Loin d’être limitées aux communications cellulaires, ces approches de contrôle des ondes radiofréquences touchent une multitude d’applications, du Wi-Fi aux radars pour véhicules autonomes, de la digitalisation du magasin avec la RFID à la thérapie par ondes électromagnétiques pulsées, de l’internet des objets dans l’industrie 4.0 au four à micro-ondes. Chacune de ces applications nécessite de plus en plus une maîtrise fine de la propagation des ondes, qui est généralement obtenue à l’aide de systèmes contenant de multiples antennes.

Un tel système (fig. 1) est un ensemble de nombreuses voies radiofréquences, elles-mêmes constituées de nombreux composants radiofréquences : câbles, filtres, amplificateurs d’émission, déphaseurs, amplificateurs de réception, antennes, connecteurs… Évidemment, plus on requiert un contrôle précis des ondes, plus le nombre de composants augmente. Ceci implique un système de plus en plus complexe et un coût prohibitif. D’autant plus que l’on monte en fréquences. Ces systèmes atteignent donc leur limite, et il est nécessaire de changer de paradigme.

2. Révolution optique - une source dont on maîtrise les réflexions

Dans les fréquences élevées de l’optique, les composants capables de générer ou mesurer des signaux et des ondes très complexes n’existent pas. Les chercheurs ont dû trouver d’autres solutions pour dompter la lumière : les matrices de micro-miroirs, ou modulateurs spatiaux de lumière (SLM, pour spatial light modulators), d’abord utilisés en astronomie avec l’optique adaptative. Si l’observation des astres demande de coûteux miroirs contrôlés mécaniquement, des SLM bien meilleur marché sont apparus sous la forme de matrices de millions de cellules micrométriques de cristaux liquides. Chaque cellule pouvant modifier à l’aide d’une tension de contrôle la phase ou l’amplitude d’une onde en réflexion ou en transmission. En une décennie, ces SLM ont révolutionné la façon dont les opticiens utilisent la lumière.

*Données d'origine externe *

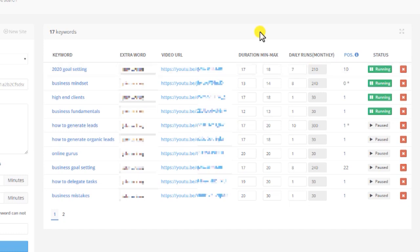UserIon charges you by the minute. So the longer your video is, the higher the cost will be to rank the video. For example, if the duration is 17 to 18 minutes, you'll pay 8 cents per minute. So if we do 17 times 8 cents, it's a dollar and 36 cents. So one run costs you a dollar and 36 cents.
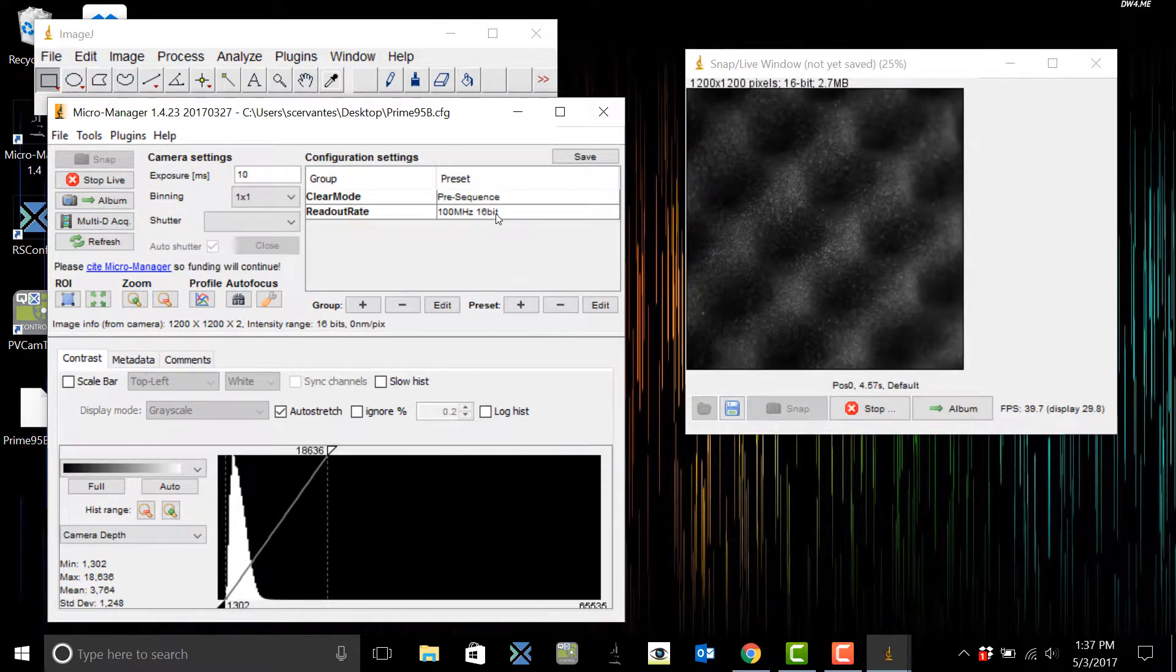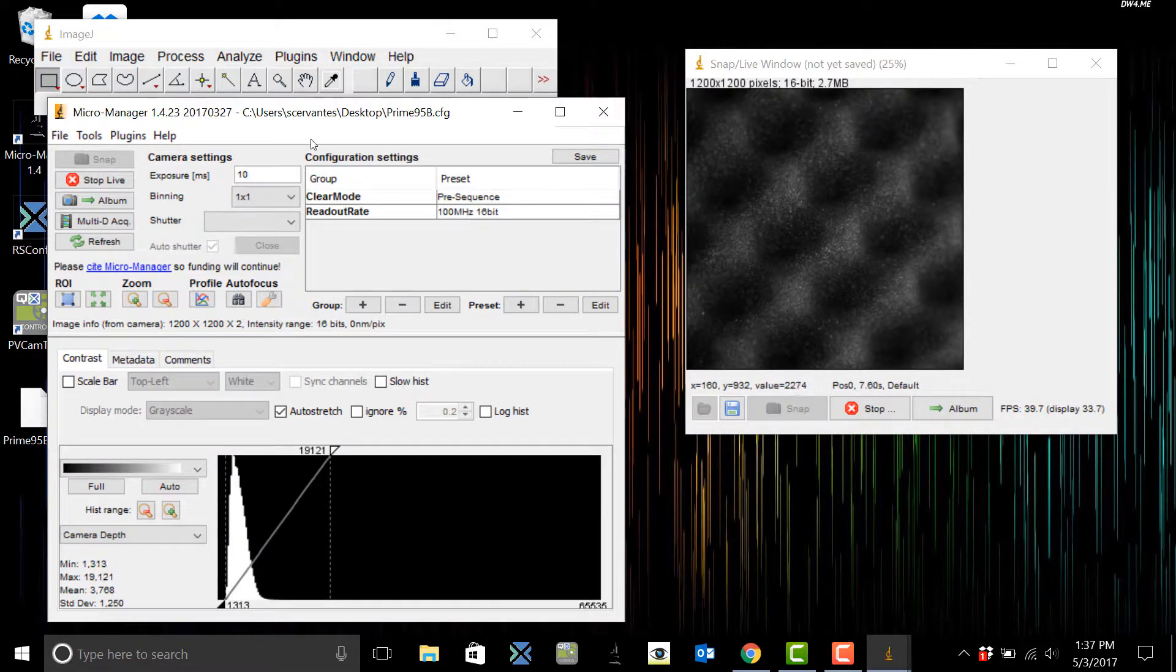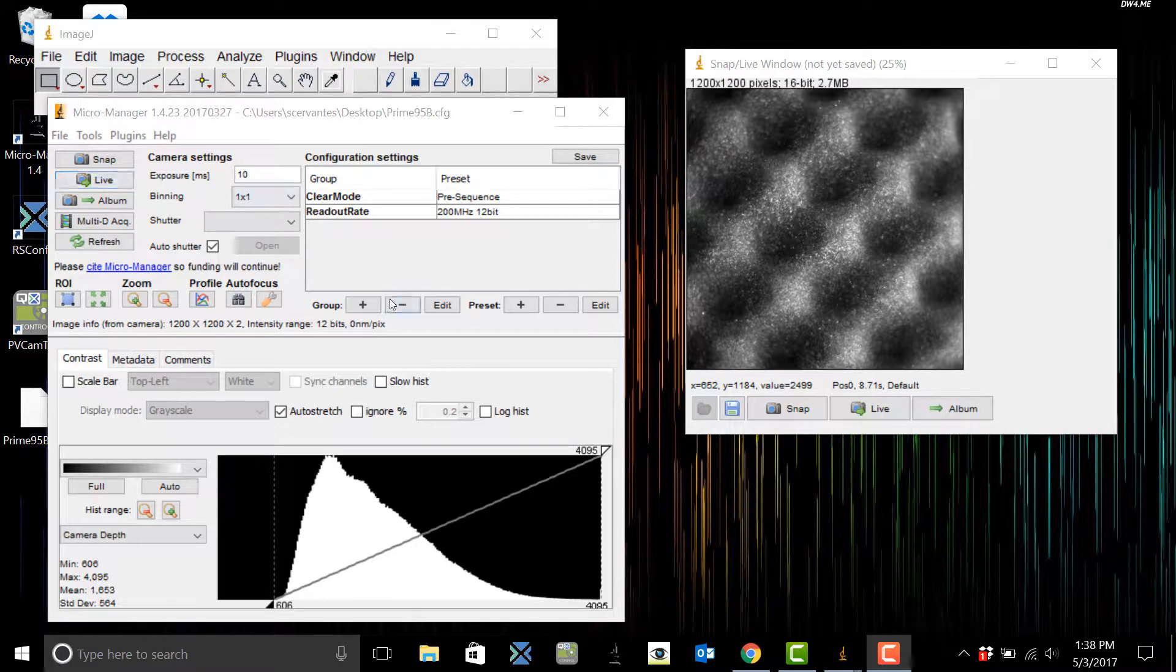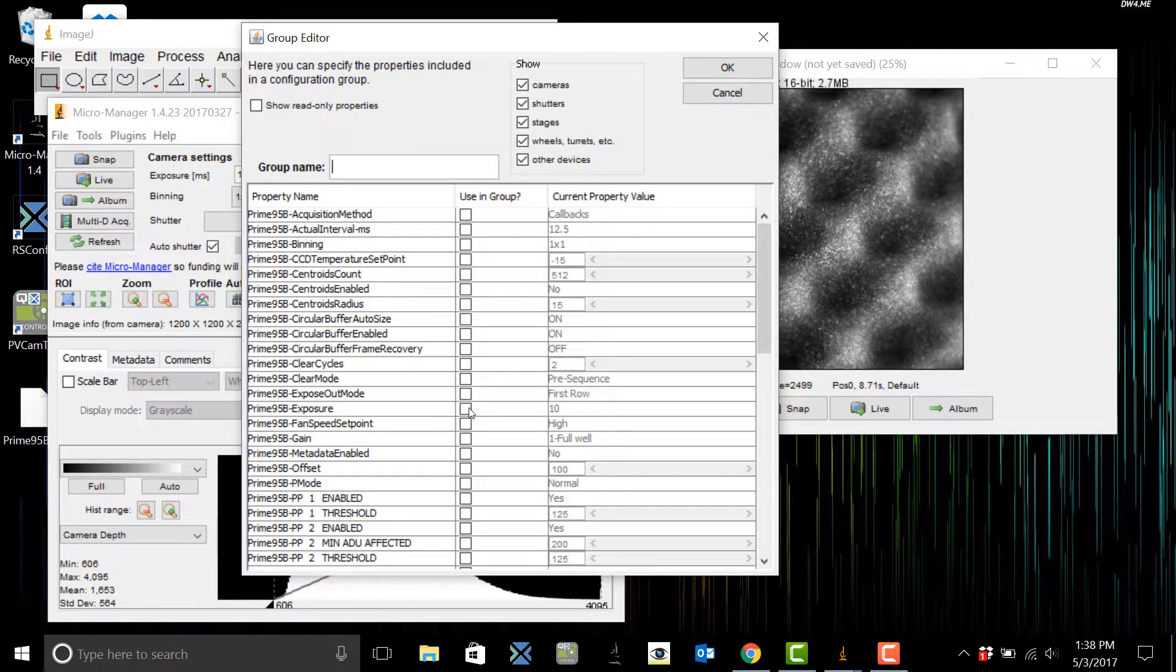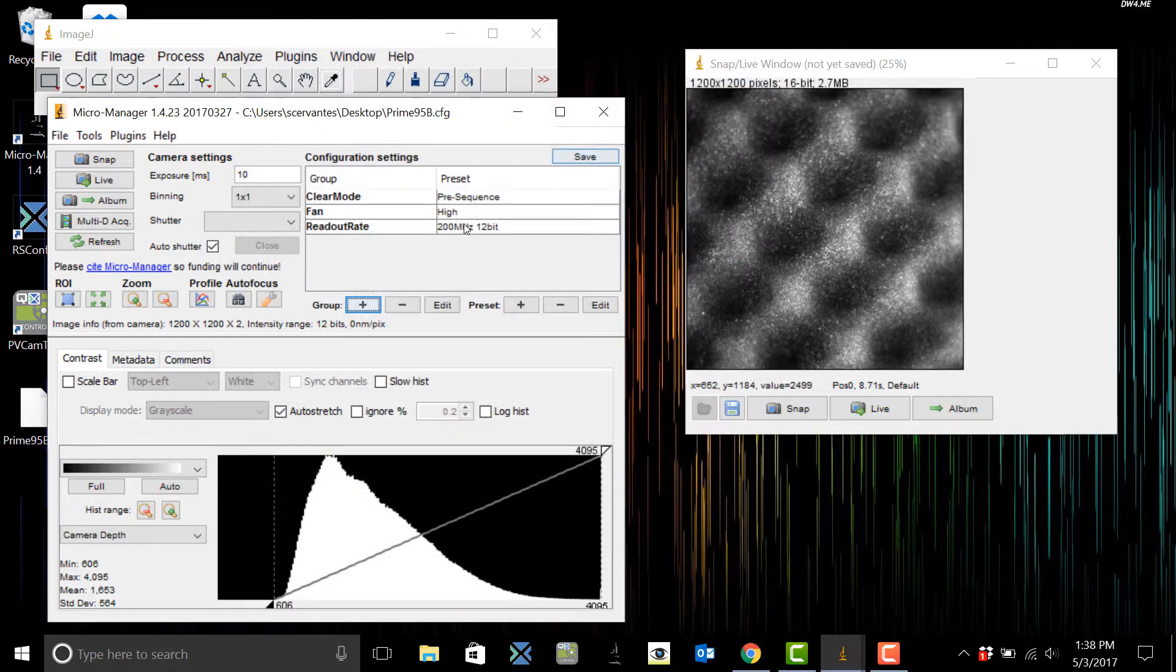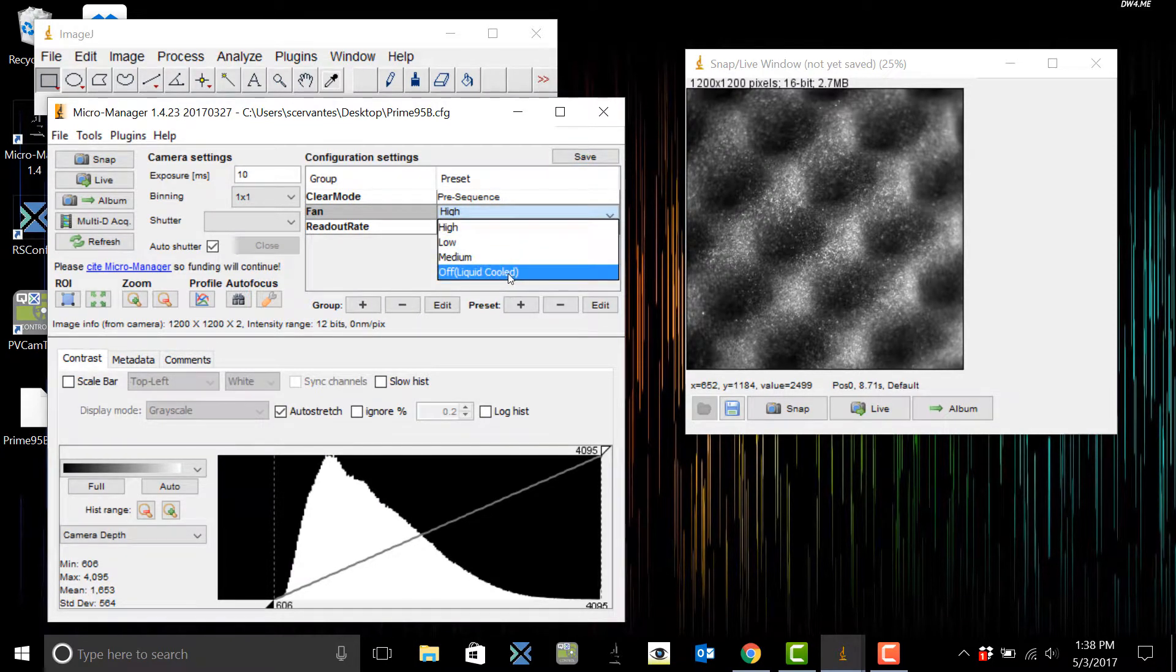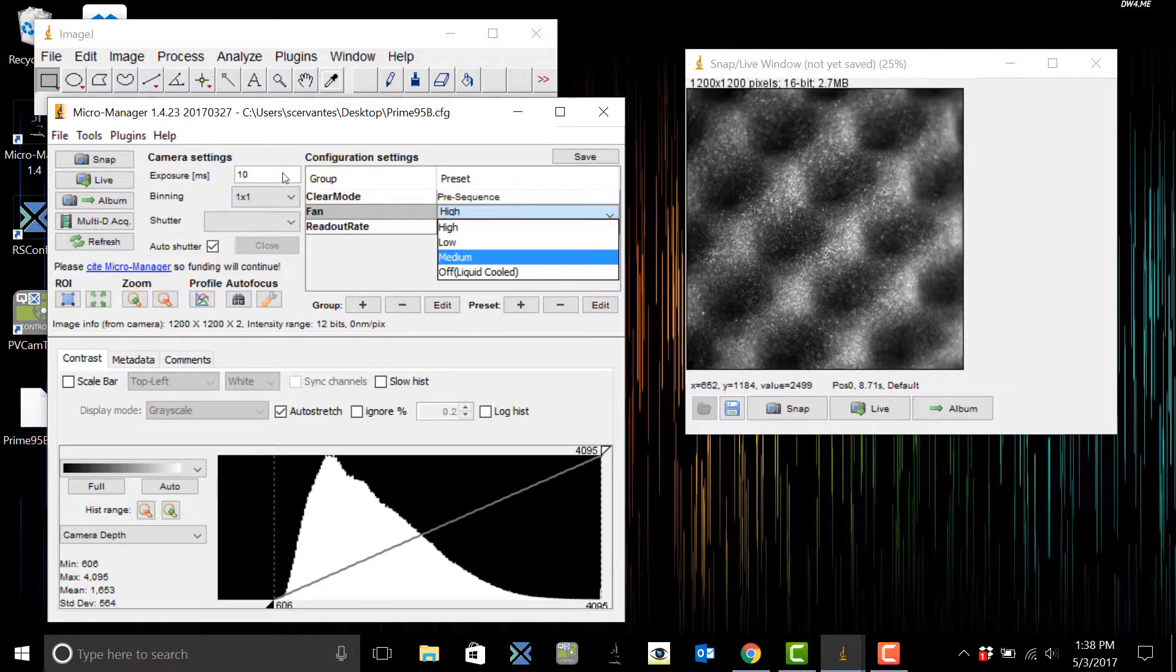OK, let's add another group. On the Prime 95b you have the fan speed option so you're going to be able to have variable speed control and you also have liquid cooling. This is going to minimize vibrations and also reduce the dark current even further.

Les expériences pionnières d’Allard Mosk, aux Pays-Bas, en 2007, ont démontré la possibilité de focaliser sur un point de quelques centaines de nanomètres de diamètre de la lumière issue d’un laser et ayant traversé une couche de peinture très opaque. Le principe est le suivant : on illumine le modulateur spatial de lumière à l’aide du laser, la lumière réfléchie traverse ensuite une lame optique couverte par une couche de peinture (fig. 2).

En l’absence de réglage du modulateur spatial, on observe à la sortie de ce milieu un champ optique dont la distribution d’intensité est aléatoire et faible. En effet, la lumière incidente a été réfléchie de nombreuses fois, au sein de la couche de peinture, par un très grand nombre de particules très petites et placées aléatoirement, résultant en une infinité d’interférences aléatoires. Mais si l’on ajuste le modulateur spatial de lumière à l’aide d’un algorithme visant à maximiser la lumière en un point donné de sortie, celle-ci s’y concentre. Le modulateur spatial a dressé le front d’ondes incident sur la couche de peinture pour que la lumière focalise de l’autre côté.

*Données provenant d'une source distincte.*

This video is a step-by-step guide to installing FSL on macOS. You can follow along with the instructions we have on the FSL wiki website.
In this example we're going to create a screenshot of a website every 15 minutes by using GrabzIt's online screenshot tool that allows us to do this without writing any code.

Par la suite, de nombreuses équipes dans le monde, notamment la nôtre, à l’Institut Langevin à Paris, se sont passionnées pour ces petits outils magiques. Plusieurs démonstrations ont été proposées pour contrôler la lumière de façon très efficace dans ou au travers de milieux très complexes, tels que des échantillons diffusants, des fibres optiques multimodes et des tissus biologiques. La boîte de Pandore était ouverte. Pour dompter la lumière, pas besoin d’un ensemble ultra-complexe de lasers indépendants et maîtrisés, il suffit d’une unique source de lumière et d’un jeu de miroirs intelligents !

3. De l’optique aux RF - des cavités résonnantes pour miroirs

Nous sommes en 2012 lorsque l’un d’entre nous, Mathias Fink, en vacances en Bretagne dans une maison typique aux murs épais, s’agace de la connexion ridiculement mauvaise que son téléphone portable lui procure. Il tente alors de l’améliorer en jouant avec des feuilles d’aluminium pour dévier les ondes, mais sans succès. S’ensuit au sein de l’équipe une discussion de plusieurs mois sur la façon la plus élégante et la plus efficace de contrôler simplement et à moindre coût les ondes électromagnétiques. L’idée est née : plutôt que de subir les réflexions des ondes électromagnétiques, nous allons rendre l’environnement intelligent, capable de s’ajuster en temps réel pour maximiser la qualité des communications sans fil. Pour cela, nous allons utiliser de nouveaux matériaux : des miroirs intelligents radiofréquences, similaires à ceux que nous avons utilisés dans le domaine de l’optique.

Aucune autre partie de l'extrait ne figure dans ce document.